Alice Dreger, the bioethicist, said, of cross-gender hormones and surgery, “These are not trivial medical interventions. You’re taking away fertility, in most cases. And how do you really know who you are before you’re sexual? No child, with gender dysphoria or not, should have to decide who they are that early in life.”

 Dr. Johanna Olson, Medical Director of the Center for Transyouth Health and Development at Los Angeles Children’s Hospital is one of the better known pediatric transition proponents. She has even argued for skipping puberty blockers and going straight to cross-sex hormones for “transgender” pre-adolescents. Olson said this in a 2012 NBC Dateline broadcast I wrote about last month:

 What’s missing in the data right now is: these exact characteristics mean for sure this person is going to be a trans adolescent and adult. We don’t have that data.

 More mea-culpa redundancy from Houstonia magazine, in “What do Transgender Children Need” published in 2014:

There is no medical consensus on the best course of treatment for gender-dysphoric prepubescent children, mainly because it’s almost impossible to tell which kids will continue to experience the condition as adolescents and adults. Citing informal studies, Drescher and Meyer estimate that only about 20 percent of prepubescent children who exhibit cross-gender behavior continue that behavior into adolescence.

You’re in unknown territory, where the experts disagree,” says Dr. Jack Drescher, a New York–based psychiatrist who, along with Dr. Kenneth J. Zucker of the University of Toronto’s Gender Identity Service, helped write the entry for gender dysphoria in the most recent edition of the American Psychiatric Association’s Diagnostic and Statistical Manual of Mental Disorders. “If most of these kids won’t grow up to be transgender,” says Drescher, “[socially transitioning] could be harmful,” never mind hormone therapy.

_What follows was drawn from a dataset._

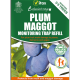 Vitax Plum Maggot Trap Refill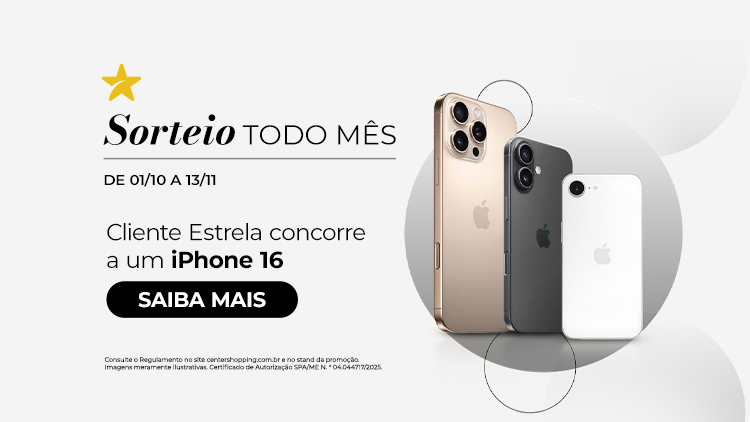 Banner App Principal 750x422.png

And finally, this treasury of quotes would not be complete without some words of wisdom from Dr. Norman Spack, head of the Disorders of Sexual Development (DSD) and Gender Management Service (GeMs) at Boston Children’s Hospital, whose pediatric gender clinic is  the “first of its kind in the nation.”

Dr. Spack holds forth in an interview/blog post in April 2015. Notice his use of future tense. “Someone” else is eventually going to solve the problem.

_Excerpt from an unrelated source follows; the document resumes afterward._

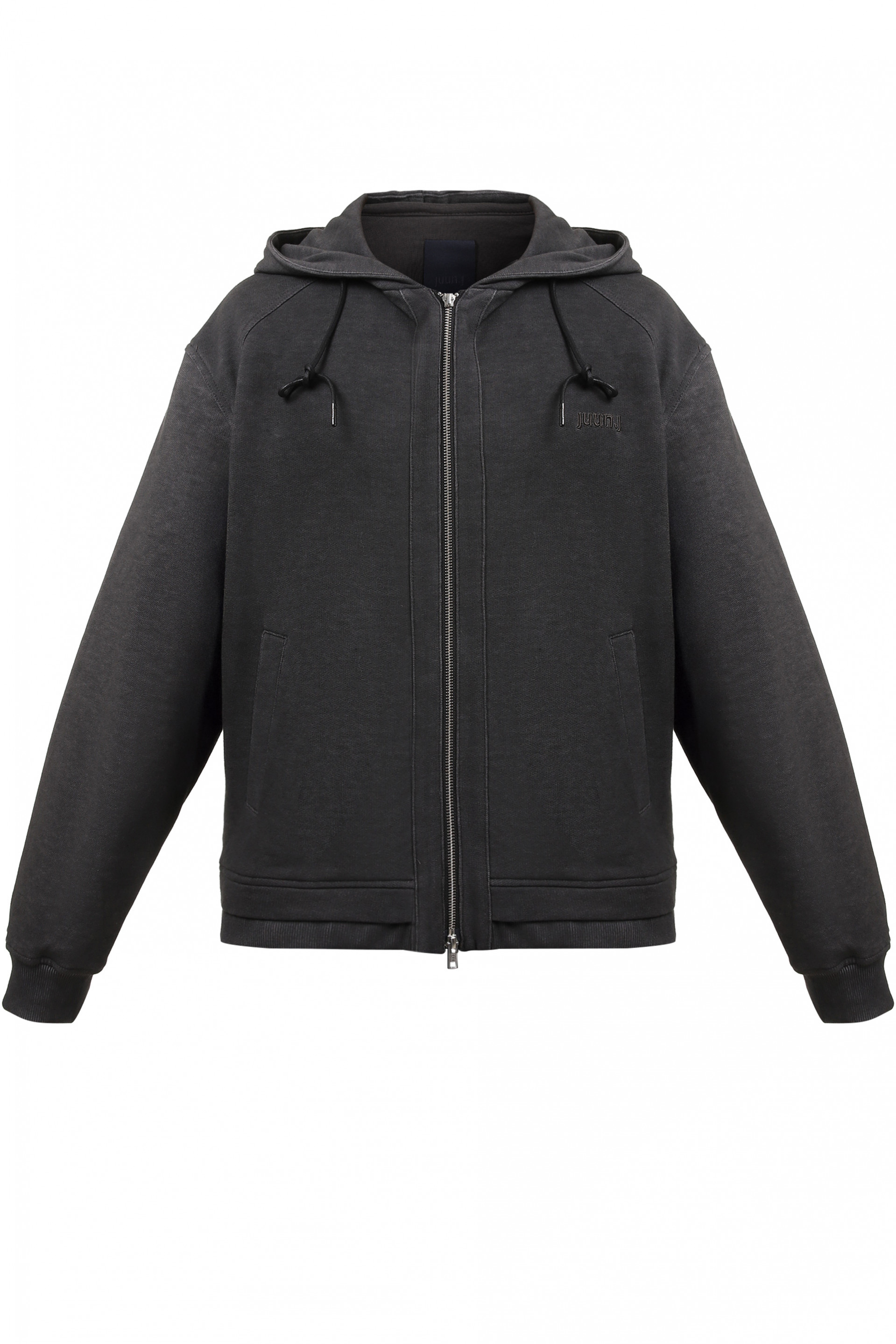 Купить Куртка спортивная JUUN.J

Question: GeMS was the first transgender treatment clinic in the U.S., and there are now over 40 programs across the country. You’re reaching more and more kids and at a younger age. What’s next for this field of medicine?

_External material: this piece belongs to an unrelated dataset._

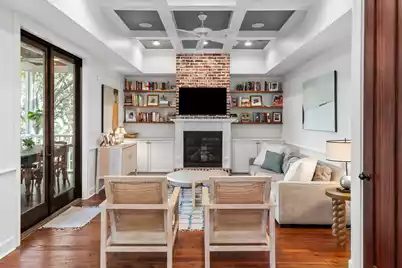 7 William Street, Mount Pleasant, SC 29464 - Photo 6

Dr. Spack: I think that there is an absolutely tremendous need for tools with which to discern which of the kids are really among the 20 percent who are definitely going to be transgender. With these tools, people could far more freely encourage their kids to act and dress as the gender they identify with, and kids will have a much easier time in school.

…These tools are going to be based on analysis from the neck up, not blood levels of anything I can think of—unless it’s maybe a genetic test, but I doubt it. My theory is that we just don’t know enough about the brain… I’m convinced that sooner rather than later, someone’s going to figure something out related to the brains of the 20 percent transgender kids.

Sooner or later….we just don’t know enough….there is a tremendous need…

But meanwhile: Carry on! with administering off-label puberty blockers followed by cross-sex hormones. Keep  sterilizing our guinea  pi–  um, kids.

“Someone” will figure it out—sooner or later.